- **Task description**:
Every line from the one with "A modern kitchen" up to and including the one with "A smiling young" is to be output exactly as it appears below; pictures are not.

- **Provided material**:
'''

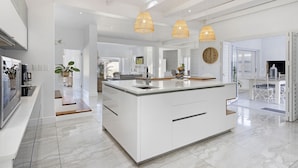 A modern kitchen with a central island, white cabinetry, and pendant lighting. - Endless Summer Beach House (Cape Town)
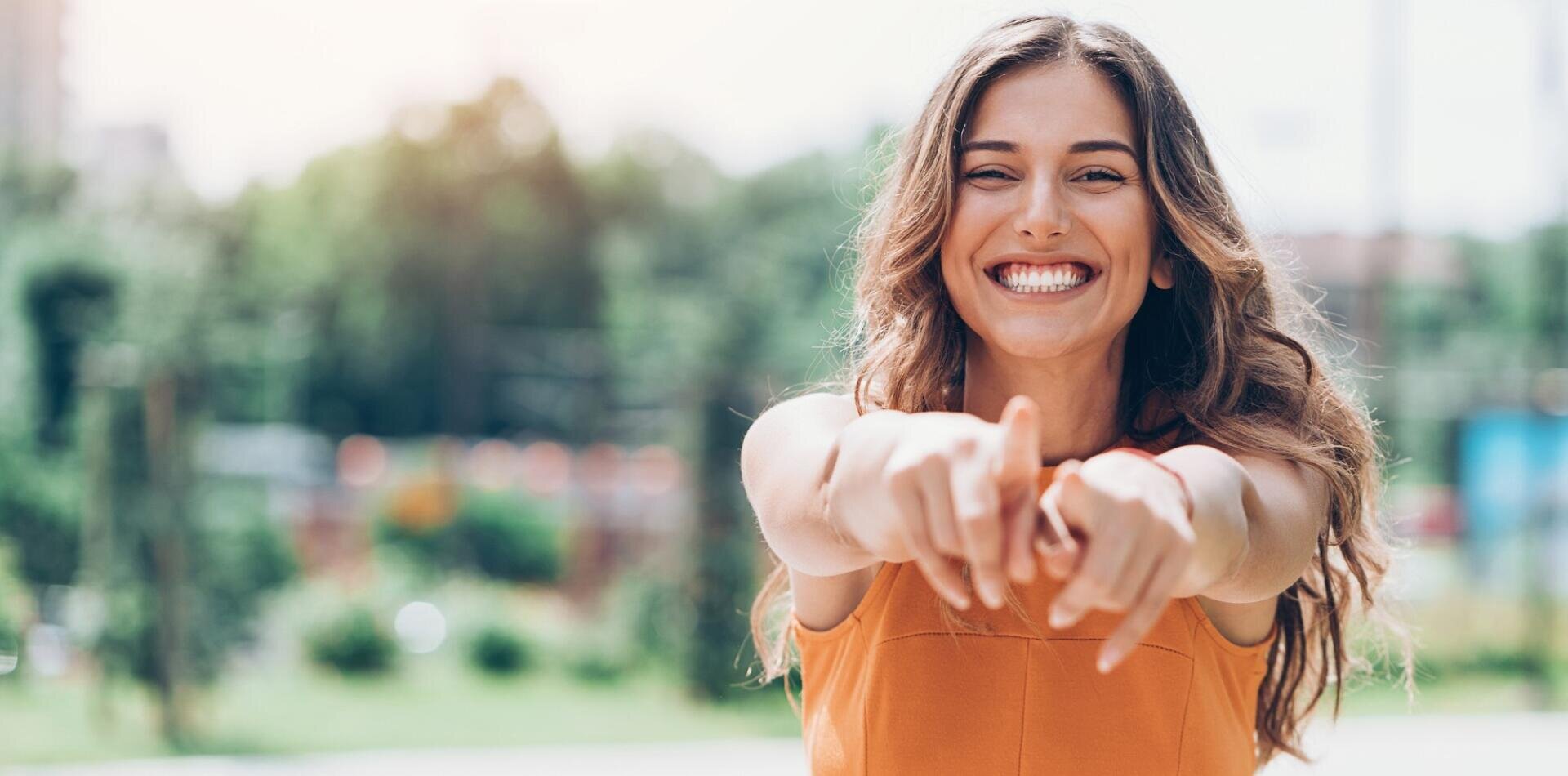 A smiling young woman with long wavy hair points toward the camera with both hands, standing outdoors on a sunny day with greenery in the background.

'''
'''

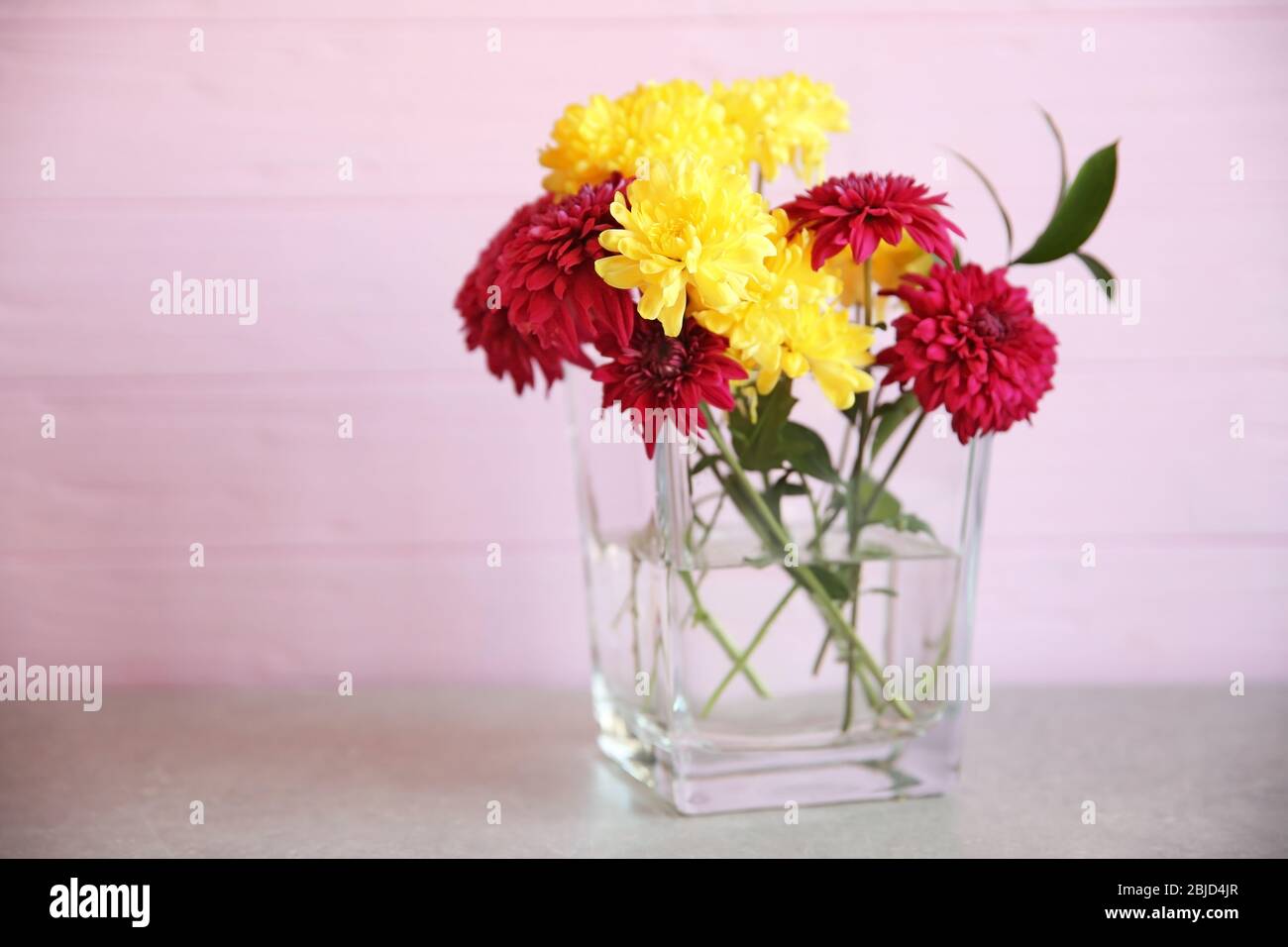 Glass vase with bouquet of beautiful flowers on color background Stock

'''
'''

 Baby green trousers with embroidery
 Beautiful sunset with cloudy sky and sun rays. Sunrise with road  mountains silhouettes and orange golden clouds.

'''

- **Written answer**:
 A modern kitchen with a central island, white cabinetry, and pendant lighting. - Endless Summer Beach House (Cape Town)
 A smiling young woman with long wavy hair points toward the camera with both hands, standing outdoors on a sunny day with greenery in the background.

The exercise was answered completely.